Absurdly Driven looks at the world of business with a skeptical eye and a firmly rooted tongue in cheek. 

The headlines were menacing. 

They seemed to tell of a dirty little secret, one that many fast food joints had shared.

22 out of 25 had been deemed unacceptable. They got an F-grade.

Only Shake Shack, BurgerFi and Wendy’s passed. (And Wendy’s only just.)

The rest, said the collaborative Chain Reaction report — from the Center for Food Safety, Consumer Reports, Food Animal Concerns Trust, U.S. PIRG Education Fund, Friends of the Earth, and Natural Resources Defense Council — were a disgrace.

What was their sin? Serving beef raised with the routine use of antibiotics.

Surely, you might think, antibiotics are good for you. At least, if you have a sinus infection. 

But no. As the Center for Food Safety told me:

Public health experts warn that the widespread use of antibiotics for meat production is rendering these medications less effective by contributing to the creation and spread of drug-resistant bacteria, sometimes known as superbugs.

No one wants a superbug, save for the few people on reality shows who appear to enjoy eating them.

Still, McDonald’s is the biggest name criticized in this report. It was the name most used in headlines, such as: Chain Reaction antibiotics report fails 22 of 25 burger chains, including McDonald’s.

So I thought I’d ask the burger chain whether its feelings were hurt at being failed so publicly.

A McDonald’s spokeswoman didn’t sound amused. She told me: 

Preserving the effectiveness of antibiotics for future generations is highly important to McDonald’s. In 2016, McDonald’s fully implemented its pledge to no longer serve chicken treated with antibiotics important to human medicine in its US restaurants, which led to the 2018 implementation of an antibiotic use policy for broiler chicken in markets around the globe.

So you see, McDonald’s isn’t unaware of its social responsibilities.

Where’s the beef, McDonald’s? The spokeswoman again: 

McDonald’s is currently finalizing a global antibiotics policy for beef, to be announced before the end of 2018.

Why did it take so long? Isn’t it painful that Wendy’s is above you, even if the witty-Twittering chain only scored a D-?
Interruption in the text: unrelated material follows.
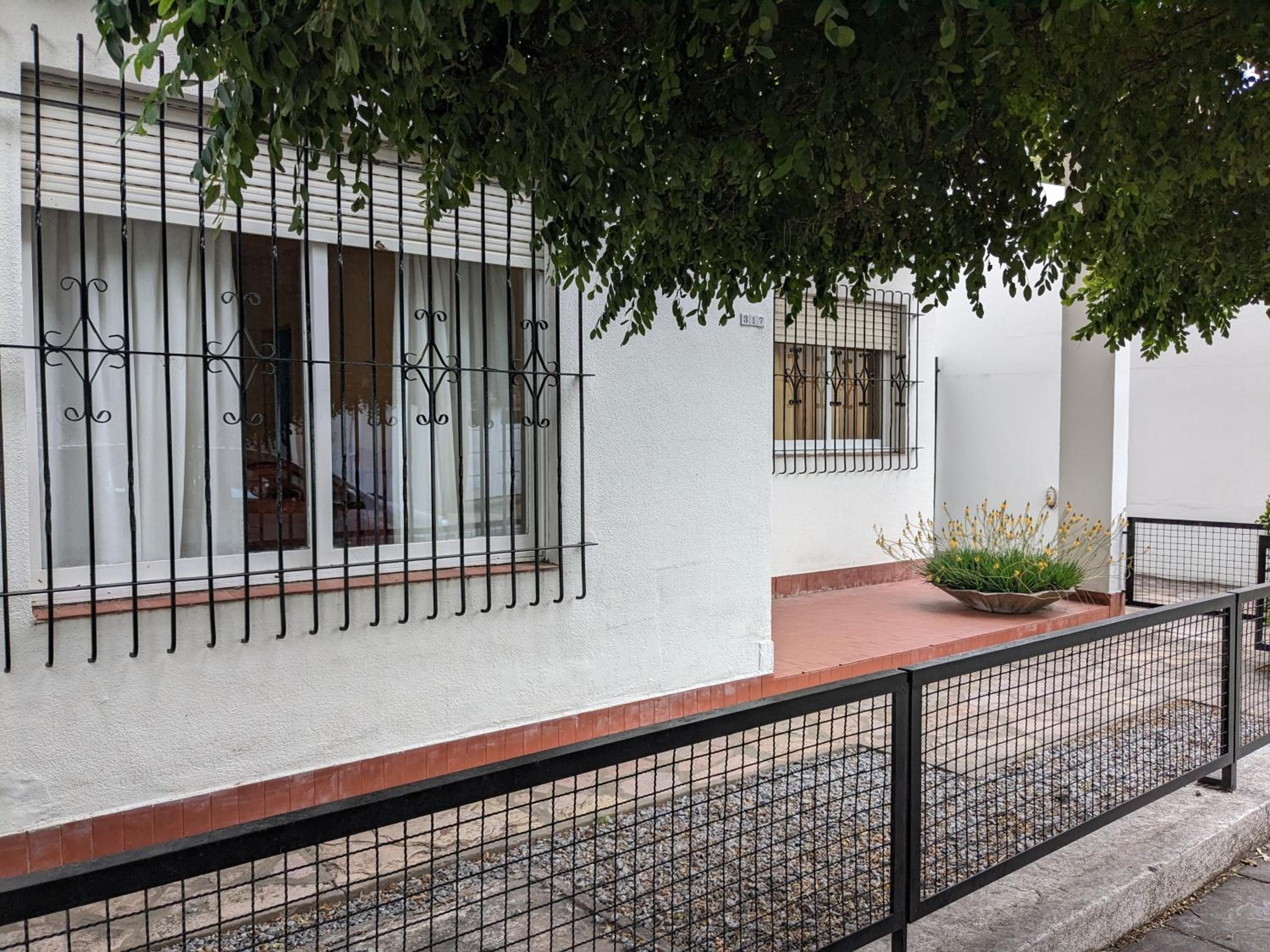 Three-Bedroom House photo 2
McDonald’s final words were these:

Our ‘Global Vision for Antibiotic Stewardship in Food Animals’ provides guidance for the development of policies, and utilizes antibiotic categorization established by the World Health Organization. 

Look, McDonald’s seems to cry, we’re working with the WHO. What more do you want?

McDonald’s has much going on in just about every aspect of its business. It’s a cumbersome organization that’s desperately fighting more nimble and more modern competitors.

So now it bristles at accusations of being unhealthy.

Now, about all the calories in those fries.